→ WORK ORDER
When you retype the data, keep every word exactly and include none of the pictures.

→ GIVEN DATA
※ ※ ※

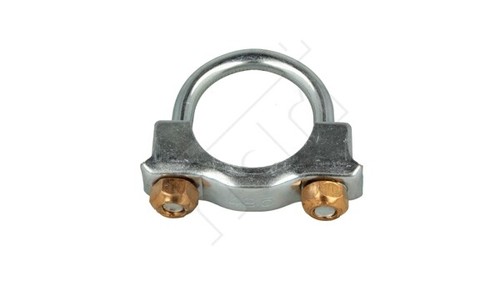Hart 471 538 clamp exhaust - 471,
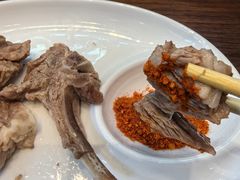 -靖远尕六美味羊羔肉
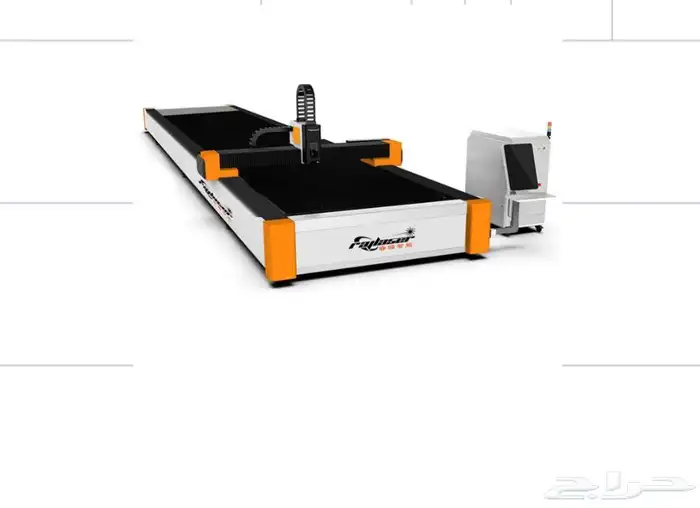 مكائن قص ليزر Laser cutting machines 0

※ ※ ※

→ EXERCISE RESPONSE
Hart 471 538 clamp exhaust - 471,
 -靖远尕六美味羊羔肉
 مكائن قص ليزر Laser cutting machines 0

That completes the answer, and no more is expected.